Repeat the entries exactly as they stand.

= = = =

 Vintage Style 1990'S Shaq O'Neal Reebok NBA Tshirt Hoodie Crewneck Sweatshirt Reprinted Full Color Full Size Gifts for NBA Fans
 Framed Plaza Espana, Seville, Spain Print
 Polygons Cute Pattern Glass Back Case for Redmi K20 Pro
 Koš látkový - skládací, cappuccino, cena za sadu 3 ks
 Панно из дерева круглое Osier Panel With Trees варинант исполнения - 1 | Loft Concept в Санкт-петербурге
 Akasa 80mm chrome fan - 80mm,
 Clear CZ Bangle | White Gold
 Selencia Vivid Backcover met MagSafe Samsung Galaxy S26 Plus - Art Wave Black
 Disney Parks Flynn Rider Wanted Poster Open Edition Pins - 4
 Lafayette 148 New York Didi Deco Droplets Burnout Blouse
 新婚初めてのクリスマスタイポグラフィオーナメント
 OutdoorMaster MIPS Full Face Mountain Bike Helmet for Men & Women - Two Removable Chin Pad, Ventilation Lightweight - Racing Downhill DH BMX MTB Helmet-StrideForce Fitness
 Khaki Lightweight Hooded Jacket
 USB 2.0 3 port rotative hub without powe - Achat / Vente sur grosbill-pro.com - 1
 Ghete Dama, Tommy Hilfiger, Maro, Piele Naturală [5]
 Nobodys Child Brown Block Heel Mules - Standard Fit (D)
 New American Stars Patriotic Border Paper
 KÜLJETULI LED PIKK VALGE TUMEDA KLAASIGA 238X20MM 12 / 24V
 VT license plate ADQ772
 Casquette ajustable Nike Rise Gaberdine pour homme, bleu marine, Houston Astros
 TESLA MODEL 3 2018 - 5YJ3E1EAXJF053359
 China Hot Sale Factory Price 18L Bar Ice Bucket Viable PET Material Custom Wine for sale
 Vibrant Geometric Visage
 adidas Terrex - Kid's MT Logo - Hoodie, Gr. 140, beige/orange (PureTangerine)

= = = =

• **Solution for this problem**:
 Vintage Style 1990'S Shaq O'Neal Reebok NBA Tshirt Hoodie Crewneck Sweatshirt Reprinted Full Color Full Size Gifts for NBA Fans
 Framed Plaza Espana, Seville, Spain Print
 Polygons Cute Pattern Glass Back Case for Redmi K20 Pro
 Koš látkový - skládací, cappuccino, cena za sadu 3 ks
 Панно из дерева круглое Osier Panel With Trees варинант исполнения - 1 | Loft Concept в Санкт-петербурге
 Akasa 80mm chrome fan - 80mm,
 Clear CZ Bangle | White Gold
 Selencia Vivid Backcover met MagSafe Samsung Galaxy S26 Plus - Art Wave Black
 Disney Parks Flynn Rider Wanted Poster Open Edition Pins - 4
 Lafayette 148 New York Didi Deco Droplets Burnout Blouse
 新婚初めてのクリスマスタイポグラフィオーナメント
 OutdoorMaster MIPS Full Face Mountain Bike Helmet for Men & Women - Two Removable Chin Pad, Ventilation Lightweight - Racing Downhill DH BMX MTB Helmet-StrideForce Fitness
 Khaki Lightweight Hooded Jacket
 USB 2.0 3 port rotative hub without powe - Achat / Vente sur grosbill-pro.com - 1
 Ghete Dama, Tommy Hilfiger, Maro, Piele Naturală [5]
 Nobodys Child Brown Block Heel Mules - Standard Fit (D)
 New American Stars Patriotic Border Paper
 KÜLJETULI LED PIKK VALGE TUMEDA KLAASIGA 238X20MM 12 / 24V
 VT license plate ADQ772
 Casquette ajustable Nike Rise Gaberdine pour homme, bleu marine, Houston Astros
 TESLA MODEL 3 2018 - 5YJ3E1EAXJF053359
 China Hot Sale Factory Price 18L Bar Ice Bucket Viable PET Material Custom Wine for sale
 Vibrant Geometric Visage
 adidas Terrex - Kid's MT Logo - Hoodie, Gr. 140, beige/orange (PureTangerine)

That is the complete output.